Being a good neighbor is not just a station brand. It’s who Walker is to people who really need a friend.
“Local radio is interesting. It’s so focused on the community. It is about caring,” he told News 2.
But there’s more to the morning newsman than meets the eye. Walker likes to photograph people in their own settings.
It’s a hobby he picked up while serving in the U.S. Navy, and he has a special affection for the homeless community.
“They got a huge story, a huge past, that’s usually devastating and hard for average people to understand or believe it,” Walker explained.
One of his most memorable is Levi, a blind man who turned to alcohol and became homeless after one of his daughters died as an infant and the other was taken away.
“He never looked back into the death of his daughter, and he hadn’t been to her gravesite in six years or so. We found it, gave him time alone just to sit there. I think it helped,” Walker told News 2.
He understood Levi’s pain because of his own secret that drove him to alcohol.
“When I was around 11 or 12 years old, I was sexually abused by a man in our neighborhood. Never told anyone about it. Never really knew what to do about it, so at 13, I started drinking,” he shared.
Walker continued drinking until he discovered the root cause of his addiction, and last year, more than 20 years later, he told police.
“The guy came in for questioning and admitted to what he had done to me as a kid.

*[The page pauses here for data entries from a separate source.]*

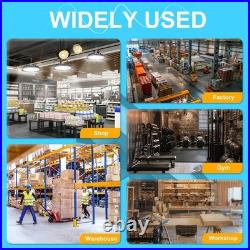 8 Pack 200W UFO Led High Bay Light Factory Commercial Warehouse Industrial Shop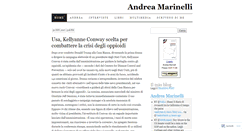 Desktop Screenshot of andreamarinelli.wordpress.com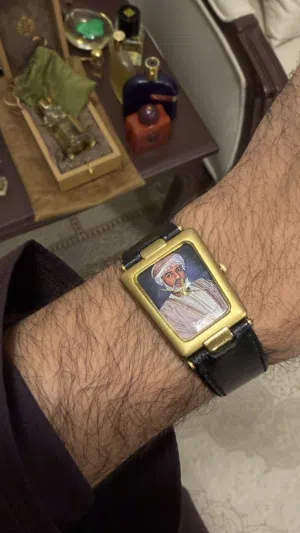 ساعة السلطان قابوس نوادر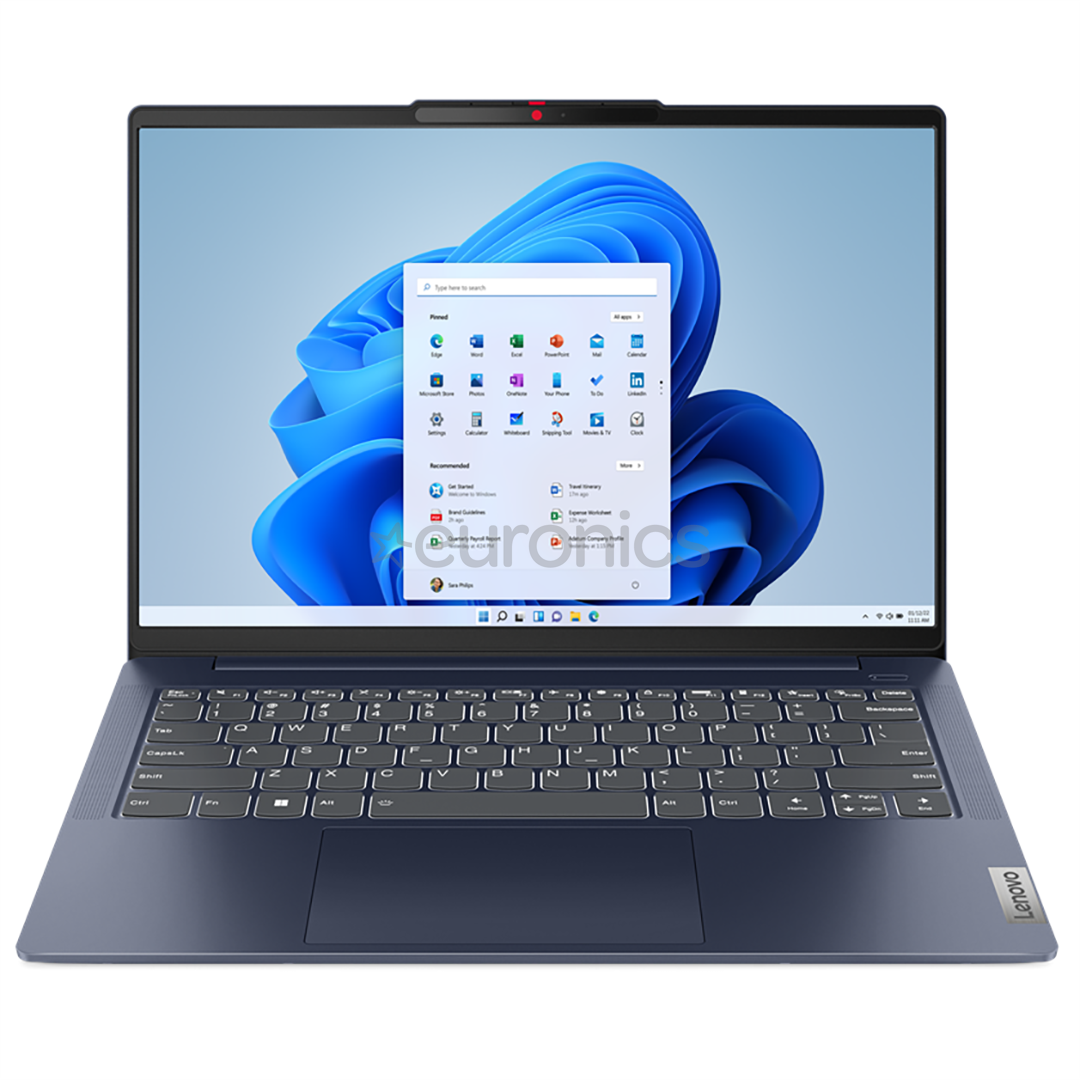 Lenovo IdeaPad Slim 5 14IAH8, 14'', WUXGA, i5, 16 GB, 512 GB, SWE, sinine - Sülearvuti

We took the case to the DA and that’s when we learned the case couldn’t be prosecuted because the statute of limitations had been reached.”
But knowing the source of his alcoholism, Walker began to heal. Now, he’s reaching out to 29-year-old Sean, who lives at a campsite in the woods.
“I’ve been homeless since I was 18, on and off, and I’m 30 now, and it’s just because of mistakes and stuff I’ve made in my life,” Sean told News 2.
“So often the only thing somebody really needs in life is to have somebody sit down and listen to them. If you give a lending ear at times to somebody, that alone can change a life,” Walker said.
Walker partners with local resources to meet people’s immediate needs. Sometimes it’s as simple as a sleeping bag and food, or as costly as a plane ticket to a treatment facility.